» Work required
Everything from the first line of the data through the line with "Woman wearing jeans" is to be echoed exactly, minus the pictures.

» Supplied records
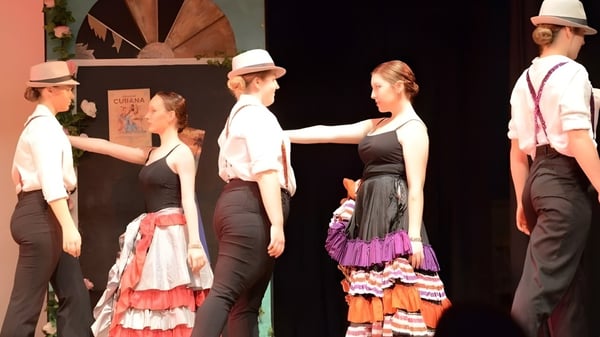 Estudiantes de la Kaiapoi High School en trajes tradicionales españoles durante una actuación de baile en el escenario.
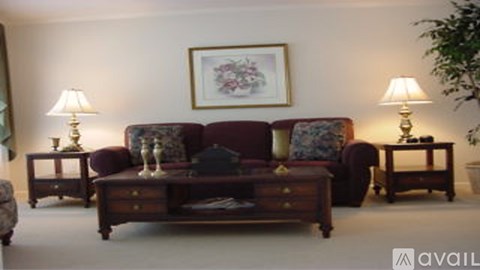 A living room with a couch, two lamps, and a painting on the wall.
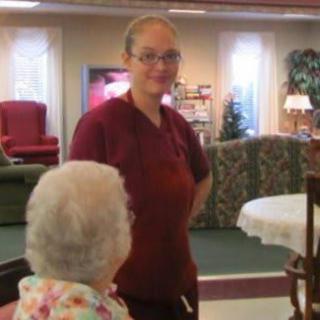 A caregiver interacting with a senior resident in a nursing home.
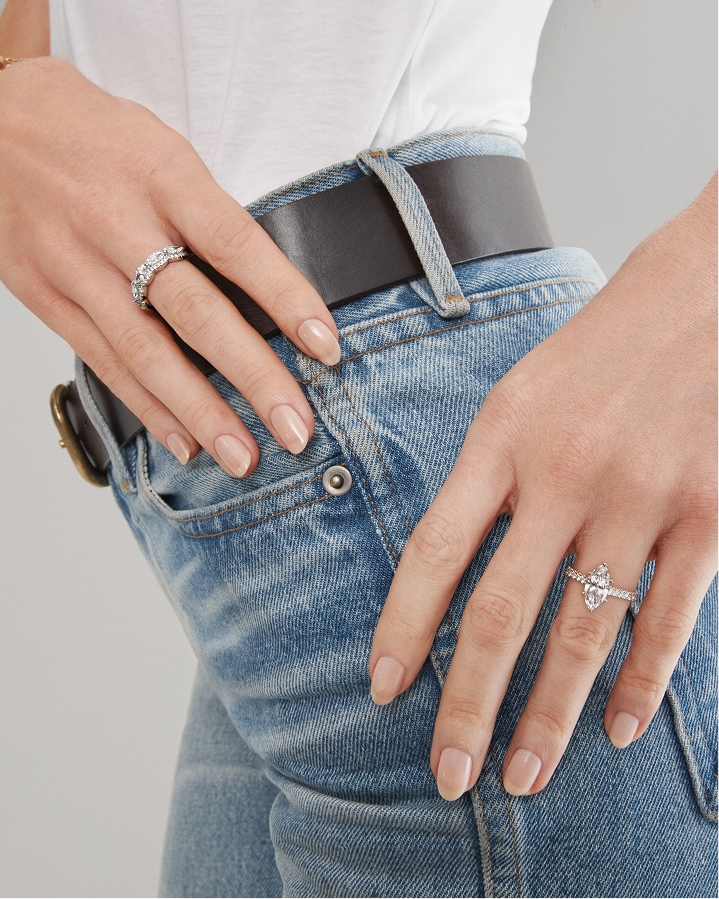 Woman wearing jeans showing off her LEO engagement ring 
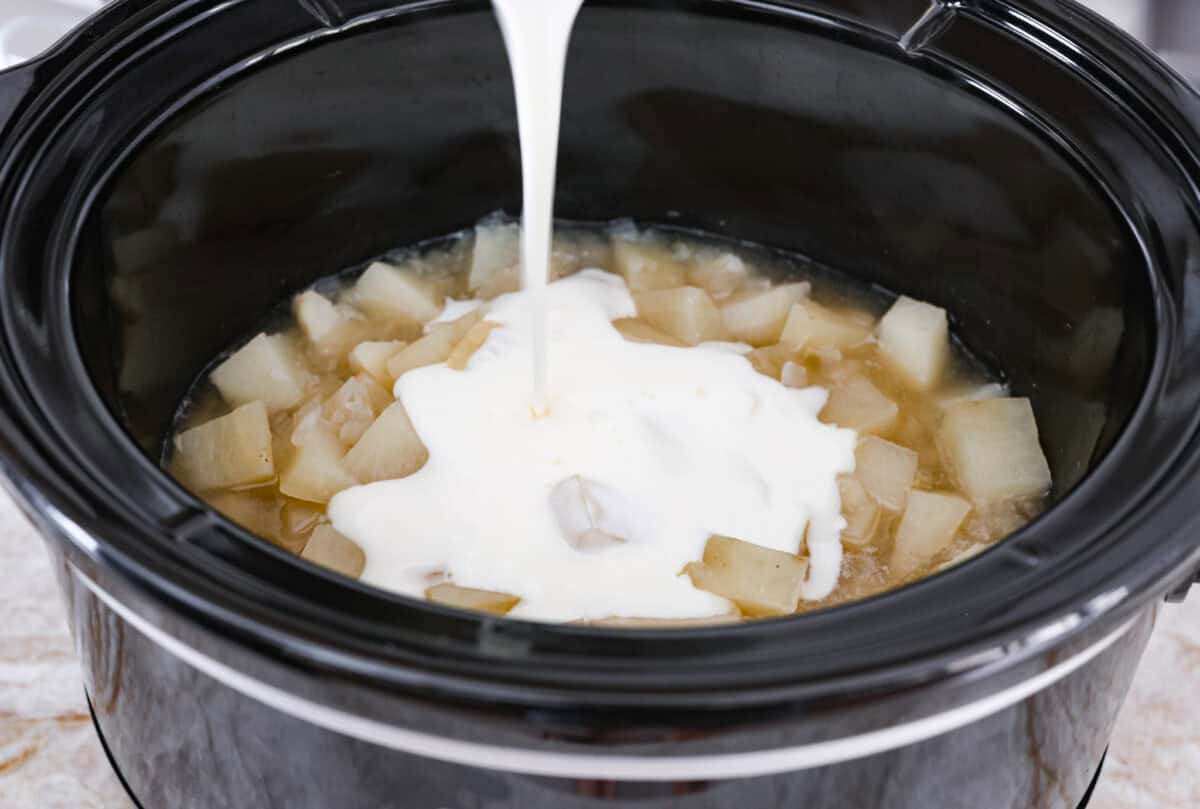 Overhead shot of cream and roux mixture being poured over the onion and potatoes in the slow cooker.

» Response to this exercise
 Estudiantes de la Kaiapoi High School en trajes tradicionales españoles durante una actuación de baile en el escenario.
 A living room with a couch, two lamps, and a painting on the wall.
 A caregiver interacting with a senior resident in a nursing home.
 Woman wearing jeans showing off her LEO engagement ring 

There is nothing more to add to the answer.